> Supplied material
##############################

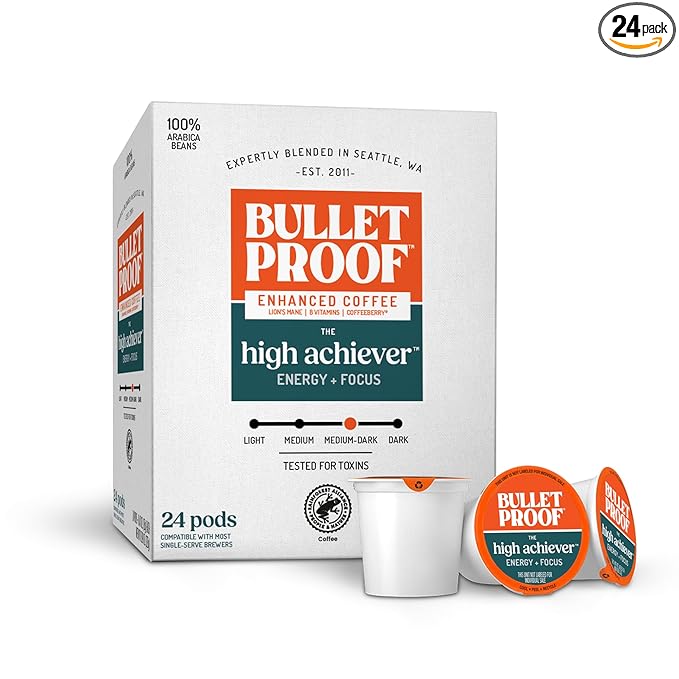 Bulletproof The High Achiever Single-Serve Pods, 24 Count, Medium-Dark Roast Enhanced Coffee with Lion's Mane Mushroom, B Vitamins, and Adaptogens for Energy and Focus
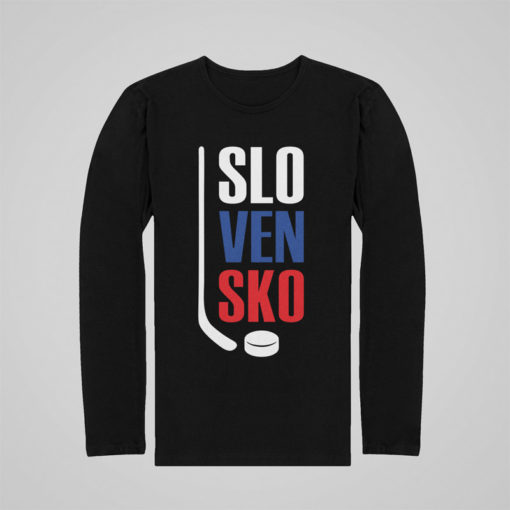 Detské hokejové tričko Slovensko s dlhým rukávom čierne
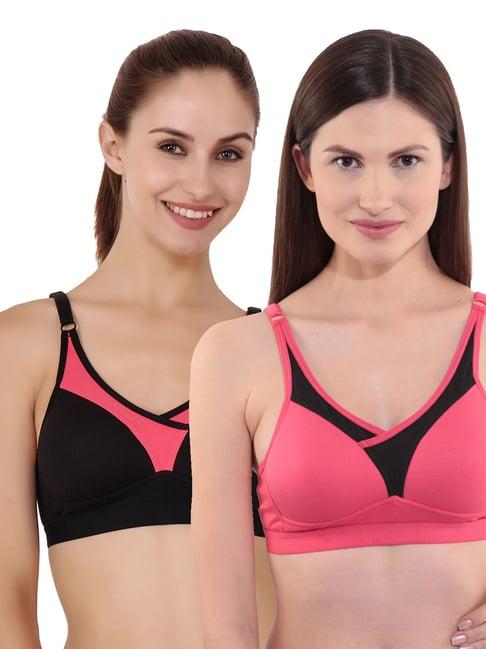 floret multicolor non wired non padded sports bra (pack of 2)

##############################

Every line from the one bearing "Detské hokejové tričko" through the end of the data above must be output exactly, and no picture may appear.

> Task solution
 Detské hokejové tričko Slovensko s dlhým rukávom čierne
 floret multicolor non wired non padded sports bra (pack of 2)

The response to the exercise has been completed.